So much is going on in the world around us all. It's outrageous, enraging and a very bad episode in reality. I've written about it before and I really don't want to write about it anymore. I want to live, hope and dream of a better day, a prouder day, a wholesome, whole-hearted, whole world for each of us.
Making my day means just that: making.
I am an artist. I am a writer. I am a maker. I throw cups, bowls and vases. I sculpt faces, figures and masks. When my wrist was broken and I couldn't sculpt, I got a gel pen and drew in my sketch pad. When my husband was laid off and I had to work, I taught art classes, mask classes, held an open studio to sell more work. No matter what the world brings to my door from a broken wrist to a broken heart, I make something anyway.
I fill my kiln and my wheel keeps turning.

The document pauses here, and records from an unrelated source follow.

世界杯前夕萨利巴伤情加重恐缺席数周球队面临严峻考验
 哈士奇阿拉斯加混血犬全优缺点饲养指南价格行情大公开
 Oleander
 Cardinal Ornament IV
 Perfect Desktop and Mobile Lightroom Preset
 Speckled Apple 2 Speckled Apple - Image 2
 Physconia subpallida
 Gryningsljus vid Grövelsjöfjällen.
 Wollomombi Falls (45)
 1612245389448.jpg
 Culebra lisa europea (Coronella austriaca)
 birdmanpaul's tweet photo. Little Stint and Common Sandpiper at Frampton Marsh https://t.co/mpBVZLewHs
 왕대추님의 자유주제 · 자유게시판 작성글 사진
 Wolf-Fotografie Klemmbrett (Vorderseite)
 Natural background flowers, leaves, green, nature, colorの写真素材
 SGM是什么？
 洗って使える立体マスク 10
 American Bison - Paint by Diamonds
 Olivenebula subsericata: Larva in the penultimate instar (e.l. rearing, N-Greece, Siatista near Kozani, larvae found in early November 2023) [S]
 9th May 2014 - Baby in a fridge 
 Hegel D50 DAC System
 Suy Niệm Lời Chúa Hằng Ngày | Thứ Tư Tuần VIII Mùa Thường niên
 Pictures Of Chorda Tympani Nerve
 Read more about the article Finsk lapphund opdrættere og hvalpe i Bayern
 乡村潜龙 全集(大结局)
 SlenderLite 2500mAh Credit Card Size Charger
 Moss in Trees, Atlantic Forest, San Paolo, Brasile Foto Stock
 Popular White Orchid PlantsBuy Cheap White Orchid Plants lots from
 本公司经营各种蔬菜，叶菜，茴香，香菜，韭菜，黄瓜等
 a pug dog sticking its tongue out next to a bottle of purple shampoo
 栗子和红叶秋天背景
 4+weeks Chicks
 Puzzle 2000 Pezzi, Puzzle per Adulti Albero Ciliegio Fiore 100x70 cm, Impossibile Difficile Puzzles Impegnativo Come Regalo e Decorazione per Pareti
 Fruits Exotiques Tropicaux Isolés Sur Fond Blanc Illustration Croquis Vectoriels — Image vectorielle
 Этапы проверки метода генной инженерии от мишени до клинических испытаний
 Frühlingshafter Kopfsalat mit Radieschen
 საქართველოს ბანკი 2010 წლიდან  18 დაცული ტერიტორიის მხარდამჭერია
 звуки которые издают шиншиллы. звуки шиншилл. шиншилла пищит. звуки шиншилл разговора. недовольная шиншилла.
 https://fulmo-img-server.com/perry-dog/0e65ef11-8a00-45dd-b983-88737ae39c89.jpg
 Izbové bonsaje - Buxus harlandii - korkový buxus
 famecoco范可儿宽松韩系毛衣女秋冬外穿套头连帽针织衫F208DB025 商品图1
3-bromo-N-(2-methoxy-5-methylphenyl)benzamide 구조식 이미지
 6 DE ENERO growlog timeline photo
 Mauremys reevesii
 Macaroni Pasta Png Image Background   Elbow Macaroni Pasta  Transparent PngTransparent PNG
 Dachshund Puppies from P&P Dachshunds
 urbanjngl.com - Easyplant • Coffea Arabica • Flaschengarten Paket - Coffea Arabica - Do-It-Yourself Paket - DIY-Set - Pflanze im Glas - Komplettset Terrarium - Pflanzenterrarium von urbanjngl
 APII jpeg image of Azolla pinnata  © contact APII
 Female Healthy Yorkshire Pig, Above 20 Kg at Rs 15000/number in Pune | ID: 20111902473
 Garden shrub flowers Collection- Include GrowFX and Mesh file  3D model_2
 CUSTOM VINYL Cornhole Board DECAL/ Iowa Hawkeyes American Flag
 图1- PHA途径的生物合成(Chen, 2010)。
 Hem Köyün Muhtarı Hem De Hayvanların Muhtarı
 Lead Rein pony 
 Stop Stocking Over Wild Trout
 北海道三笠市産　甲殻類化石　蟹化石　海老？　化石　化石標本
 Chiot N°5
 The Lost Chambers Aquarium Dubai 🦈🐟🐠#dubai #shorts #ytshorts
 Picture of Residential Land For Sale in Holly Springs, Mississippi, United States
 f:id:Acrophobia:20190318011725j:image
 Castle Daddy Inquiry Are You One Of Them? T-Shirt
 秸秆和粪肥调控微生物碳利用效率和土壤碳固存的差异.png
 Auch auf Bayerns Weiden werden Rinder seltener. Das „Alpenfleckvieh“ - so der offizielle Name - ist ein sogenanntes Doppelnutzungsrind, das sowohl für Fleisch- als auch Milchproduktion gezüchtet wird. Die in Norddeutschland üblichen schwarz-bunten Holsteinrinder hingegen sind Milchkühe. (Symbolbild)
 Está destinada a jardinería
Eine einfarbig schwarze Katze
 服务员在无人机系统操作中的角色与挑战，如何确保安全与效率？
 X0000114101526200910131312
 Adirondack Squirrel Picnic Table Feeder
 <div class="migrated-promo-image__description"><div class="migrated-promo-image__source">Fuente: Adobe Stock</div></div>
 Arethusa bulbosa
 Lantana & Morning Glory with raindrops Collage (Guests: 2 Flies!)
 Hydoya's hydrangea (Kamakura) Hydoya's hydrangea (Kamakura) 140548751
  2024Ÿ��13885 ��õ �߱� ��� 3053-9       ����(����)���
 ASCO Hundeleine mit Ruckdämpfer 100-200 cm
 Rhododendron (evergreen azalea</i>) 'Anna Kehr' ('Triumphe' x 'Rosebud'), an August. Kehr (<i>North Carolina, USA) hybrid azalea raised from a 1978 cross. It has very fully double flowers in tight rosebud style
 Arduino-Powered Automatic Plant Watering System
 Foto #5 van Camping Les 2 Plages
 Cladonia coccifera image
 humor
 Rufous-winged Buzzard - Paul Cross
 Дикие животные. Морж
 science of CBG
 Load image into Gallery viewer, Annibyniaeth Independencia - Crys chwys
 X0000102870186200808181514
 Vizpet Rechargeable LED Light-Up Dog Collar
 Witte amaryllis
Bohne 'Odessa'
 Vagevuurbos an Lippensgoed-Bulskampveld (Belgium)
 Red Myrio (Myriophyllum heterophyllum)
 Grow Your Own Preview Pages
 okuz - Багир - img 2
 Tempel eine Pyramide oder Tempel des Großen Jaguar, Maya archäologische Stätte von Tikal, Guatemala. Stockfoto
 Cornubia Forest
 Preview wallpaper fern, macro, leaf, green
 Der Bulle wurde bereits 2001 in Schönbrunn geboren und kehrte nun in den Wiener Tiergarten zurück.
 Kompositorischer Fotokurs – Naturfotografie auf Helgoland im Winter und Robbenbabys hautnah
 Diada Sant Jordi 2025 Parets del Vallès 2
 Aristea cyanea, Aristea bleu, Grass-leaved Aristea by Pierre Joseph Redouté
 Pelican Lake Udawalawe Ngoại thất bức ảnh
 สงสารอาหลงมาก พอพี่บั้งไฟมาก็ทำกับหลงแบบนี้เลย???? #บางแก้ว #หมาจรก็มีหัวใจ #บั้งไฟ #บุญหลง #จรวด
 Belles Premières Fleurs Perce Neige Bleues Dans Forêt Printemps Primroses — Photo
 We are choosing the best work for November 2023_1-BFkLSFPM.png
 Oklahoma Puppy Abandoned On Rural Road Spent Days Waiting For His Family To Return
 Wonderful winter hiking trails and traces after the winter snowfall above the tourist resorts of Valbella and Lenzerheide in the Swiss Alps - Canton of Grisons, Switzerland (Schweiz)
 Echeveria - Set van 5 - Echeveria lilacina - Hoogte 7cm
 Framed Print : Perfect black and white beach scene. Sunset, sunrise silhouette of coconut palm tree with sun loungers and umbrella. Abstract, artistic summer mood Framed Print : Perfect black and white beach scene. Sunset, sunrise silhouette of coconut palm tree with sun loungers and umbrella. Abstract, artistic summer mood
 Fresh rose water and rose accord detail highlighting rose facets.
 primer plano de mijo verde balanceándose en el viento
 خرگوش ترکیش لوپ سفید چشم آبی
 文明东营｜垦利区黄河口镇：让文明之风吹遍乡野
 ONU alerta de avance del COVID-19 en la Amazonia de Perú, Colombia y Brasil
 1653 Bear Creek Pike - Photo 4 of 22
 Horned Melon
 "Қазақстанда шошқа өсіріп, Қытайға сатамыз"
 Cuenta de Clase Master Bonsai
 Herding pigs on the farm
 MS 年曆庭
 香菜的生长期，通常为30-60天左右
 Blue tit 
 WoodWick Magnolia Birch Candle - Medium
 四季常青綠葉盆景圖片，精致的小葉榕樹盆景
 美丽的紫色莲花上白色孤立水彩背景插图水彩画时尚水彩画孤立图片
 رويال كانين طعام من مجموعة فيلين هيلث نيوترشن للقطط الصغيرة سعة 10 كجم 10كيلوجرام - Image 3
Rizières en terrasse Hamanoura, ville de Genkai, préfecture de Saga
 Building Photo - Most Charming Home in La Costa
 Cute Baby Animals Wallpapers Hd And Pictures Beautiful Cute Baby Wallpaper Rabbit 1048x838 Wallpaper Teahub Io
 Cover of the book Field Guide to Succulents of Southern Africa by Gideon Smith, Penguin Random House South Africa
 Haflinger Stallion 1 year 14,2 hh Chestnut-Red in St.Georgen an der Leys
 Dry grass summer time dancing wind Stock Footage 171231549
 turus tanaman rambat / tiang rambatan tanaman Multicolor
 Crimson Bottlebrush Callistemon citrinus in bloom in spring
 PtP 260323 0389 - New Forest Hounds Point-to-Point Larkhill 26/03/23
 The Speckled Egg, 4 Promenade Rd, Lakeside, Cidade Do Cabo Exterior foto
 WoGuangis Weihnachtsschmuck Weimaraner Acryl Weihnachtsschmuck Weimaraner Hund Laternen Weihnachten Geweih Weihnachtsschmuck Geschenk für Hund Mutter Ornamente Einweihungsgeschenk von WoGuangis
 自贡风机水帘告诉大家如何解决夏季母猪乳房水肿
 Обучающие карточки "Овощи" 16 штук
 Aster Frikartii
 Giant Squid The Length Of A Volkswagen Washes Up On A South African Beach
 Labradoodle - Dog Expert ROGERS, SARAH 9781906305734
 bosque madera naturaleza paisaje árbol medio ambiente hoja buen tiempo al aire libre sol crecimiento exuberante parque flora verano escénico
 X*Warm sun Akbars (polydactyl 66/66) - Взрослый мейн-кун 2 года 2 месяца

Throwing yesterday was a retreat for me, a place to sit and center, a place to ground myself into the earth. I had no agenda, deadline or concept in mind. I took out the clay, sat down and let myself be. Here's where the miracle happens, because many times, I fight with the clay to get it centered, to get it to form into my preconceived idea of what it should be, but this day, I was tired of should, of right or wrong, of fact or fiction. I let the clay be what it wanted to be.
What rose up from my fingers were 2 vases and 2 plant urns. It wasn't my best throwing day or my worst. And it didn't matter. Will they make it through the kiln process? Will they sell? Will I like them in the end? Again, it doesn't matter. What matters is that I was there, embracing the clay, centering myself with earth in my hands.
I can't stop the war of mean words out there. But I bring the inside out with hope and peace.
One vase, one pot, one turn of the wheel at a time.